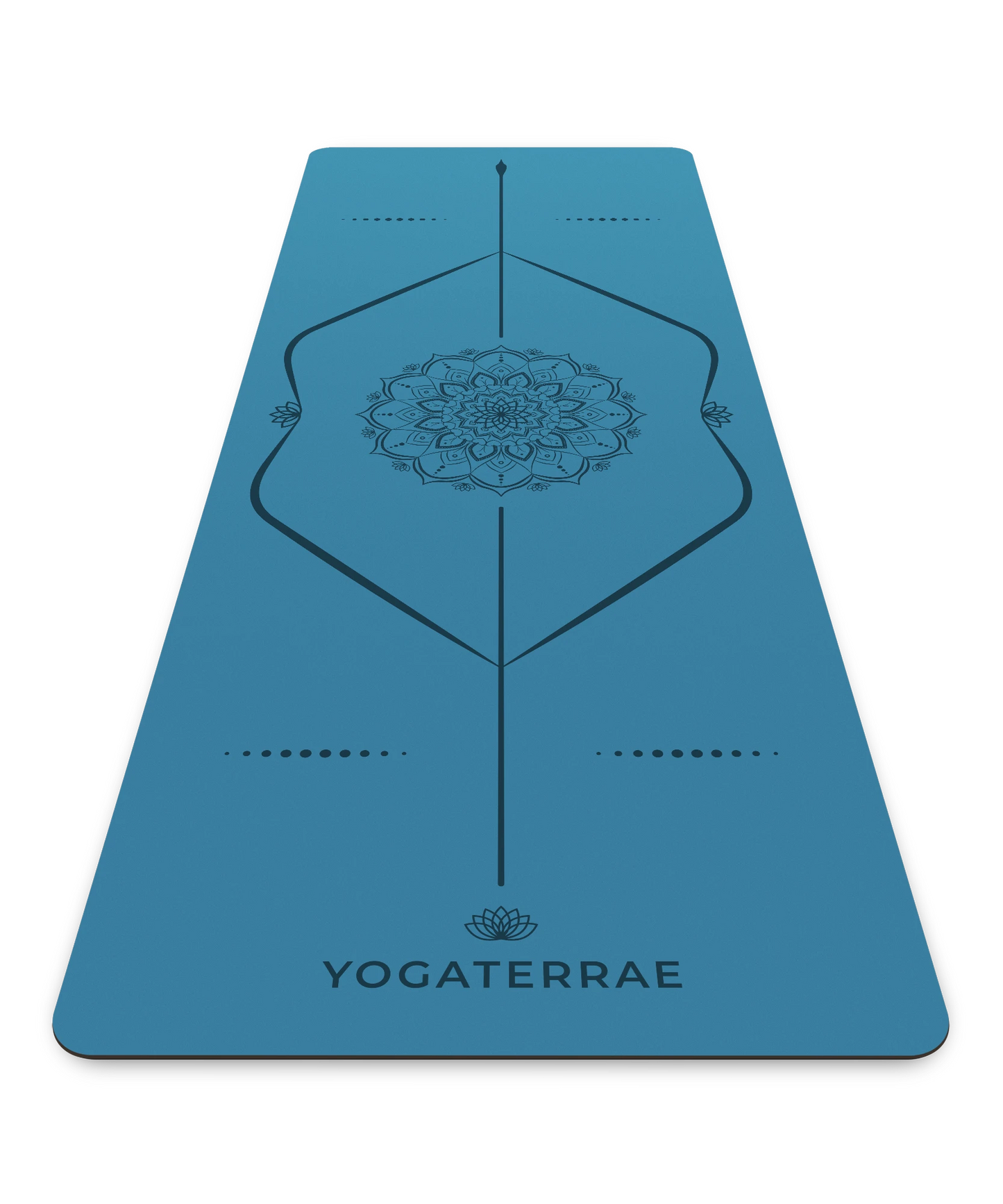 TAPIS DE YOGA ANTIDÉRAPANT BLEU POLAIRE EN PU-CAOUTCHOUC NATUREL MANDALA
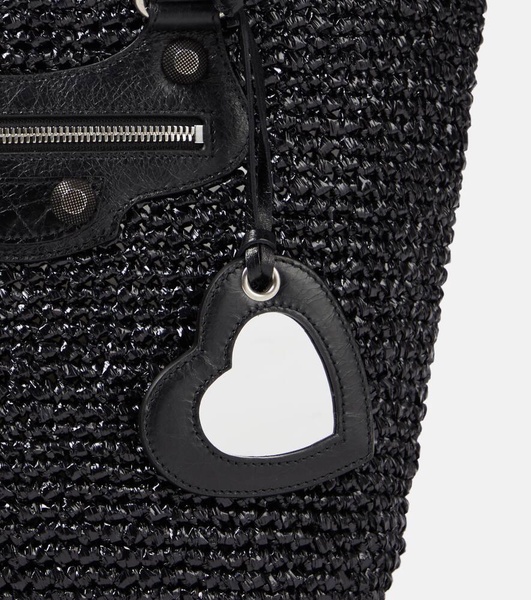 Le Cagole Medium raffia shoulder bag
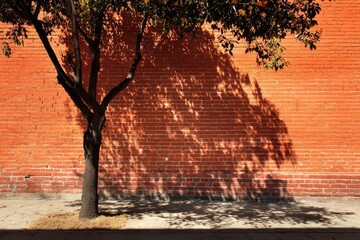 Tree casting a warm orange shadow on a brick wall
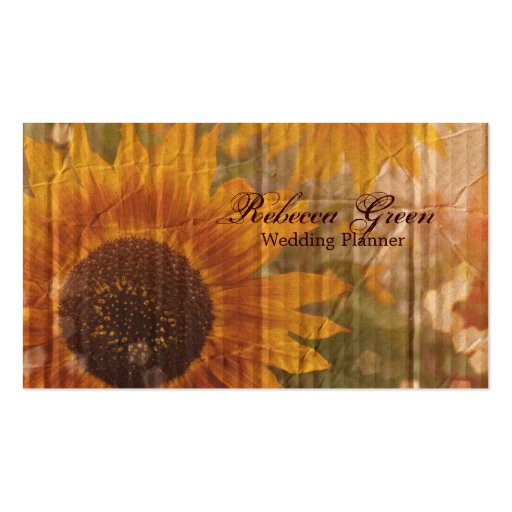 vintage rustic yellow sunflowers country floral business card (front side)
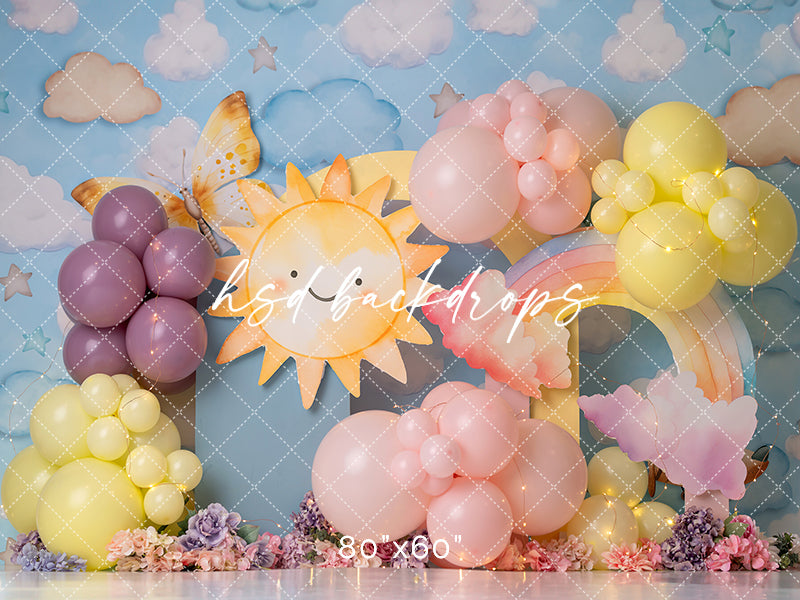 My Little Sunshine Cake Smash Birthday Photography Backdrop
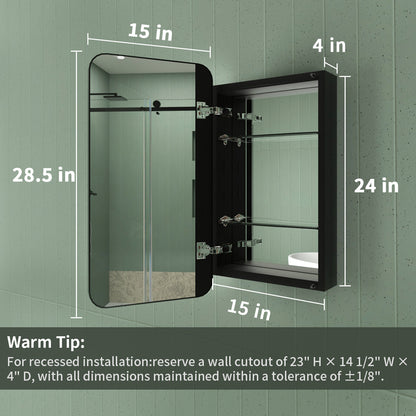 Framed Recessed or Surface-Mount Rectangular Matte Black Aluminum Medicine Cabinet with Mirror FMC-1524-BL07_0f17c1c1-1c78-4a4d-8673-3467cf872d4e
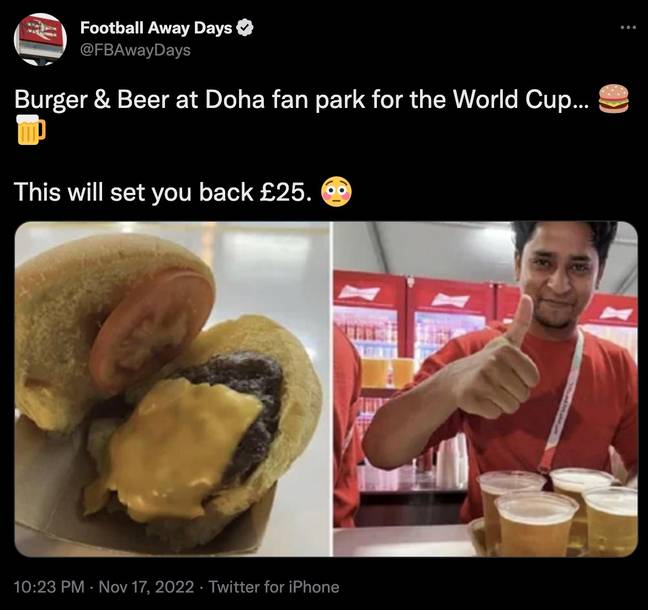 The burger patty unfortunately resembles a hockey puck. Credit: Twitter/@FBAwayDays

----

▶ PROBLEM TO WORK ON
Copy the records above exactly. Do not carry any picture into the copy.

▶ RESPONSE TO THIS TASK
 TAPIS DE YOGA ANTIDÉRAPANT BLEU POLAIRE EN PU-CAOUTCHOUC NATUREL MANDALA
 Le Cagole Medium raffia shoulder bag
 Tree casting a warm orange shadow on a brick wall
 vintage rustic yellow sunflowers country floral business card (front side)
 My Little Sunshine Cake Smash Birthday Photography Backdrop
 Framed Recessed or Surface-Mount Rectangular Matte Black Aluminum Medicine Cabinet with Mirror FMC-1524-BL07_0f17c1c1-1c78-4a4d-8673-3467cf872d4e
 The burger patty unfortunately resembles a hockey puck. Credit: Twitter/@FBAwayDays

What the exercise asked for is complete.